The shared Bazel registry at eclipse-score/bazel_registry and the registry UI at eclipse-score.github.io/bazel_registry_ui are part of the live infrastructure surface for cross-repository dependency management. The full publication and consumption flow is described in chapter 8; this section is only about operating that service reliably.

Infrastructure maintainers therefore need to keep the registry repository, the automation that validates and publishes registry updates, the raw GitHub-hosted content that Bazel reads, and the GitHub Pages deployment of the companion eclipse-score/bazel_registry_ui project working together. If the registry data is wrong, if validation breaks, or if the UI deployment is stale, module publication and discovery degrade across the project.

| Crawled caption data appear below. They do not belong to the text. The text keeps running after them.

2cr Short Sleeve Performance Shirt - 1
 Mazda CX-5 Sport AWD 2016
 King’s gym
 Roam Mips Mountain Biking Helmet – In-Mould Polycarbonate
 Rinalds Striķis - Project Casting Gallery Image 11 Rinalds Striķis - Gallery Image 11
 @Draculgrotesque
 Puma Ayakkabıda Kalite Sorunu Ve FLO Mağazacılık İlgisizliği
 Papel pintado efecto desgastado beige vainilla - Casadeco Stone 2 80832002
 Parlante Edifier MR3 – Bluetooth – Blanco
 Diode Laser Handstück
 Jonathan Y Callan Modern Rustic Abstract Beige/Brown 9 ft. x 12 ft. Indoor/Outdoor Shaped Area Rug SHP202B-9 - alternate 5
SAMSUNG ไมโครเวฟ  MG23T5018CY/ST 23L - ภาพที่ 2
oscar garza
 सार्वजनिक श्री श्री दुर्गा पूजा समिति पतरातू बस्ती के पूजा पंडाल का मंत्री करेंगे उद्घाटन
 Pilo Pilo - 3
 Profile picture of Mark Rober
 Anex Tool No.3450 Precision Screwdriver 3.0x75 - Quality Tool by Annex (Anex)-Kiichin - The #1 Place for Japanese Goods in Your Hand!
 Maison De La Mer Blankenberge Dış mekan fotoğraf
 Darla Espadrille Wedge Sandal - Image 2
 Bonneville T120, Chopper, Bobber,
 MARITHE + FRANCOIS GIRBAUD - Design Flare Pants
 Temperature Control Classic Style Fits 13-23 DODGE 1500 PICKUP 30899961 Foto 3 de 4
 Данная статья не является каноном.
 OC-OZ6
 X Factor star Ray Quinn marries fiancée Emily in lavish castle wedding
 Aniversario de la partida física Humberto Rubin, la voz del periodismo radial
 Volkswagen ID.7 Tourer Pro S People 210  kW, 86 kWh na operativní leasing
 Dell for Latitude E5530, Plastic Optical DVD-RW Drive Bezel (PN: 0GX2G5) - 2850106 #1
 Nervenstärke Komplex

The registry README should remain the canonical contributor guide for adding or updating module versions. Operations documentation should complement it with service ownership, monitoring, incident handling, and recovery guidance rather than copying the contributor workflow.


10.4 Infrastructure Governance ⚪

Guiding and recording the evolution of S-CORE infrastructure.

S-CORE

  • Infrastructure decisions and policies are expected to be documented and version-controlled.
  • Biggest gap: a structured decision record process and central policy repository are not yet operational across S-CORE.

10.4.1 Infrastructure Policies

Defining policies governing S-CORE infrastructure usage.

S-CORE

  • Infrastructure usage policies (runner selection, dependency constraints, tooling standards) are not yet formally documented.
  • Biggest gap: no central, versioned policy document set governs S-CORE infrastructure choices.

10.4.2 Infrastructure Decision Records

Documenting major S-CORE infrastructure decisions.

S-CORE

  • Architecture Decision Records (ADRs) are a target practice for documenting significant infrastructure decisions.
  • Biggest gap: no ADR process or repository is established for S-CORE infrastructure decisions.

10.4.3 Change Rollout & Communication

Explaining how infrastructure changes are communicated across repositories.

S-CORE

  • Some cross-repository changes need more than a merged pull request; they also need timing and migration communication.
  • Biggest gap: there is no documented rollout-and-communication model for changes that affect multiple S-CORE repositories.